Sometime next month, U.S. District Court Judge Reggie Walton will decide whether to let federal prosecutors proceed with a new perjury trial against Roger Clemens. In a filing this week, those same prosecutors said that they had made an unintentional error when on just the second day of testimony at Clemens’s first trial they showed jurors a video containing evidence Walton had specifically barred from the trial. In declaring a mistrial at the time, Walton described the error as one that “even a first-year law student” wouldn’t make.

In this week’s filing the prosecution team took responsibility for the error, and offered as an explanation the somewhat bizarre excuse that they were too bogged down with opening statements, jury selection, and jury instructions to realize that they hadn’t made sure some of their evidence conformed to the judge’s rulings. So they were too busy with some aspects of trying a major, highly publicized federal case to allocate the time and resources necessary to make certain that all aspects of trying that case were in proper order?

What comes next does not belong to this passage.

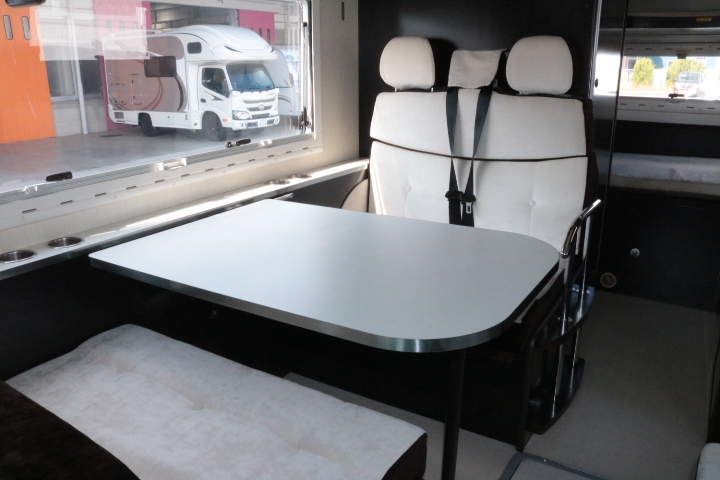 キャンピングカーキャブコン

Clemens’s attorneys filed their own papers last month, asserting that the government all but intentionally showed the video, in which Congressman Elijah Cummings reads an affidavit from Laura Pettitte, wife of former Yankees pitcher Andy Pettitte. In the affidavit she said that her husband had told her Clemens had admitted using human growth hormone. However Walton had ruled Laura Pettitte’s testimony inadmissible hearsay. The defense team alleged that the prosecution knew their case was weak and going badly, and so invited the mistrial. They contend there should be no new trial under the double jeopardy rule.

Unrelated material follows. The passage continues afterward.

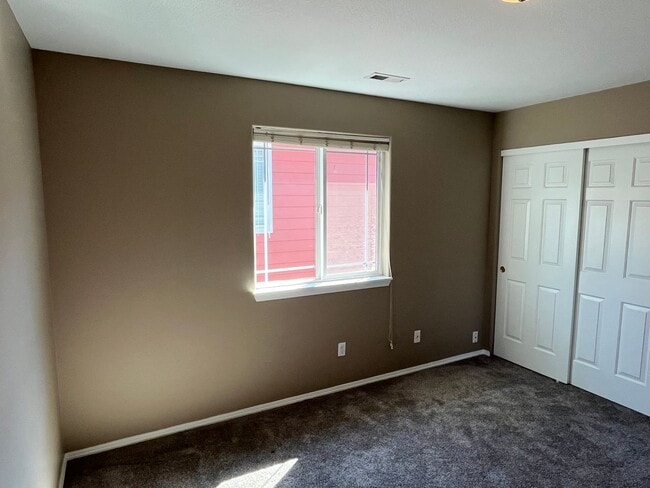Building Photo - 3-Bedroom Home in vibrant Kenton neighborh...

Walton will hear oral arguments on September 2nd, and then proceed to his decision. In doing so he will be guided by various federal statutes and myriad case-law, which is both as it should be and too bad. Because the federal prosecution of Roger Clemens, like that of Barry Bonds before and the likely prosecution of Lance Armstrong to come, cries out for the application of some common sense. In the immortal words of Roberto Duran, “no mas, no mas.”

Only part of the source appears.